Each insurance company handles Coordination of Benefits and Nonduplication of Benifits in its own way. Please check your plan for details.

Plan Limits

A dental plan may limit the number of times it will pay for a certain treatment. But some patients may need treatment more often than once for best oral health. For example, a plan might pay for teeth cleaning only twice a year even though you need cleaning four times a year. Be aware of the details in your dental plan but decide about the treatment based on what's best for your health, not just what may be covered.

Not Dentally Necessary

Each dental benefit plan has its own guidelines for which treatment is "dentally necessary." If a service provided by your dentist does not meet the plan's "dentally necessary" guidelines, the charge may not be reimbursed.

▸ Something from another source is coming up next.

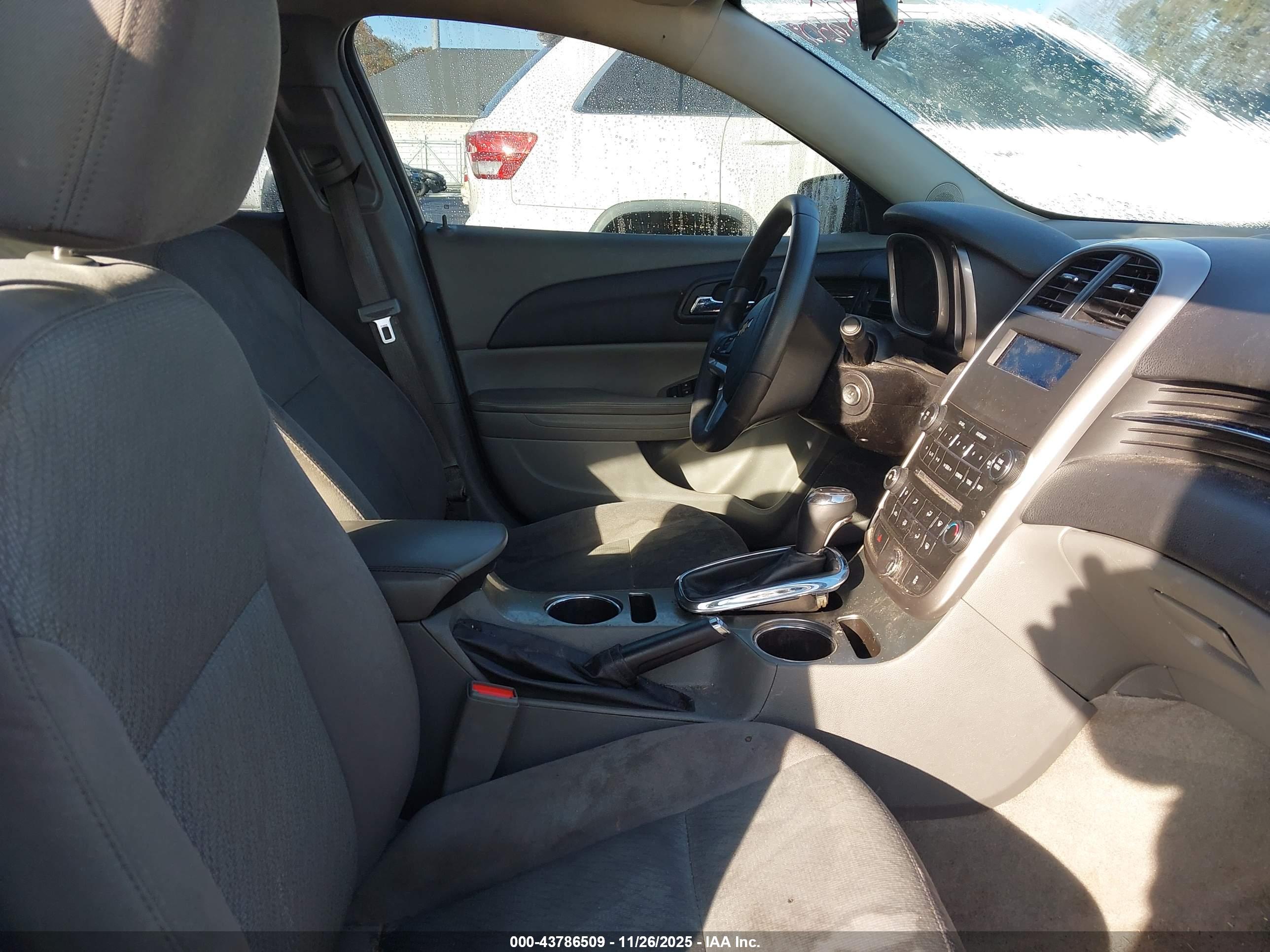 CHEVROLET MALIBU image 5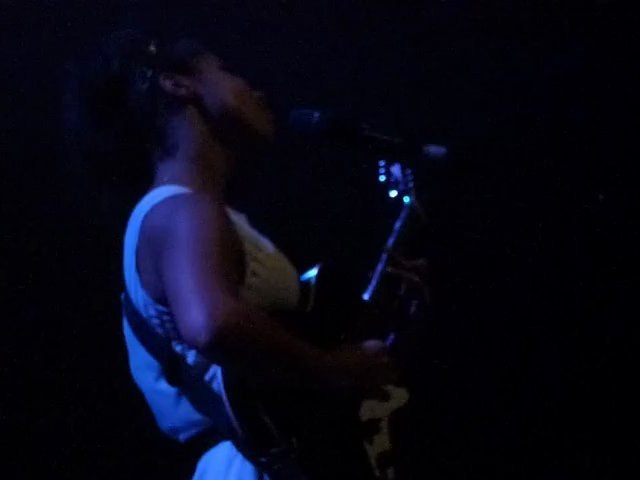 Lianne La Havas - He Loves Me (Paris 2012)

However, that does not mean that the dental treatment was not necessary. Your dentist's advice is based on his or her professional opinion of your case. Your plan's guidelines are not based on your specific case. If your plan rejects a claim because a service was "not dentally necessary," you can follow the appeals process by working with your benefits manager and/or the plan's customer service department.

Least Expensive Alternative Treatment (LEAT)

If a plan has a LEAT clause, it means that if there is more than one way to treat a condition, the plan will only pay for the least expensive treatment. This is one way that insurance companies keep their costs down. However, the least expensive alternative is not always the best option. You should consult with your dentist on the best treatment option for you.

Explanation of Benefits (EOB)

An EOB is a written statement from the insurance company, telling you what they will cover and what you must pay yourself. Your portion of the bill should be paid to the dental practice. If you have questions about the EOB, contact your insurance provider.